The Kayhan Life Interview: Dr. Firouz Naderi on Sanctions and Future of Iran


Nazenin Ansari


Dr. Firouz Naderi is internationally recognized as the man who led the Mars Exploration Program at NASA and the successful landing of the Mars Exploration Rovers: Spirit and Opportunity. Today, his voice can be heard loud and clear as an active participant in the political debate on Iran.

In a conversation with Kayhan Life, Dr. Naderi talks about the looming sanctions, the simultaneous economic, social and environment crises and why the Islamic Republic must go.  He describes how the energy, knowledge and talent of the expatriate Iranian workforce can work in tandem with the educated and bright youth of Iran to achieve strong and sustainable growth in Iran.  Dr. Naderi also addresses the need for a strategy of unity to bring about the fall of the Islamic Republic regime and the establishment of secular democracy in Iran.

Dr. Naderi left Iran in 1964 but went back for three years, working at the Iranian Remote Sensing Agency. He moved to the United States in July 1979 after the Revolution. His inability to return to his homeland has not prevented Dr. Naderi from being present on the Iranian scene, whether through philanthropic projects, mentoring young talents or participating in the political debate. In his opinion, citizens have a duty to participate in the affairs of their country, whether it be in Iran or the United States.

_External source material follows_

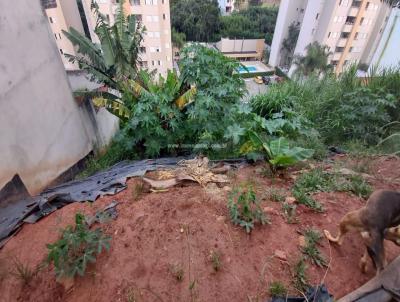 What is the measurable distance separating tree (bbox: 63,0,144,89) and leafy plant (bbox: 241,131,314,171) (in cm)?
378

Dr. Naderi became publicly active thanks to the rise of social media and during the 2009 Green Movement.  When he joined Facebook, followed later by Twitter and Instagram, students began contacting him from Iran asking for his support. He explains that in 2009 the debate was more ideological: “Where is my vote?” “Where are my rights?”  He believes that the situation in Iran today is very different: “It is existential.”

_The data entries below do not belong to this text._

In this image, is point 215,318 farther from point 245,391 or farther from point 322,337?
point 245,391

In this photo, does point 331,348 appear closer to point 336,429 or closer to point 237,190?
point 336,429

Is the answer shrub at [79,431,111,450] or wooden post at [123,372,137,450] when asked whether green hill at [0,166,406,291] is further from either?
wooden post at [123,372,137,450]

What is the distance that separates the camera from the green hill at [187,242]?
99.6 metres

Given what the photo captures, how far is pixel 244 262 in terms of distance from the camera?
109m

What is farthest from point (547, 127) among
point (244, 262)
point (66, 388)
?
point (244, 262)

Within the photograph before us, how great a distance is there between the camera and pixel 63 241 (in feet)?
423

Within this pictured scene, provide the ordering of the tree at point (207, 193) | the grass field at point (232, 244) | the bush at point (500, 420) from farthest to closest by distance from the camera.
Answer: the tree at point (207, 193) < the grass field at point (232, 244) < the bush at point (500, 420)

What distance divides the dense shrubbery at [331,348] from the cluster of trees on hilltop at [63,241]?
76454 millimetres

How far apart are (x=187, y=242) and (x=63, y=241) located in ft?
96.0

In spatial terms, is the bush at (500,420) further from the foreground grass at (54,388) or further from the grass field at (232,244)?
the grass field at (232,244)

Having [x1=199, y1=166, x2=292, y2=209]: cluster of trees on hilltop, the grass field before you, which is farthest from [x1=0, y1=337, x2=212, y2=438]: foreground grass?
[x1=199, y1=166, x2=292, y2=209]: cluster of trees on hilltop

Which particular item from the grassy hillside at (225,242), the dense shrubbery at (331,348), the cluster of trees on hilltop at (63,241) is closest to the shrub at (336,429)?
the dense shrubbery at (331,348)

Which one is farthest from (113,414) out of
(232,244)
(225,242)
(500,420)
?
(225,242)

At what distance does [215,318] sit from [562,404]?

His achievements have inspired millions of Iranians who see in him a role model, a brilliant mind who was driven away from Iran by its ruling theocracy but welcomed in the United States to flourish and succeed in a free, merit based society. “You cannot take laws that are 1,400 years old and superimpose them on a 21st-century super complex society,” he maintains. His “inevitable conclusion” is “the Islamic Republic has to go,” before the current quagmire can be resolved.  Not having personal political ambitions, Dr. Naderi hopes that regime change will be the result of “a groundswell of people inside.”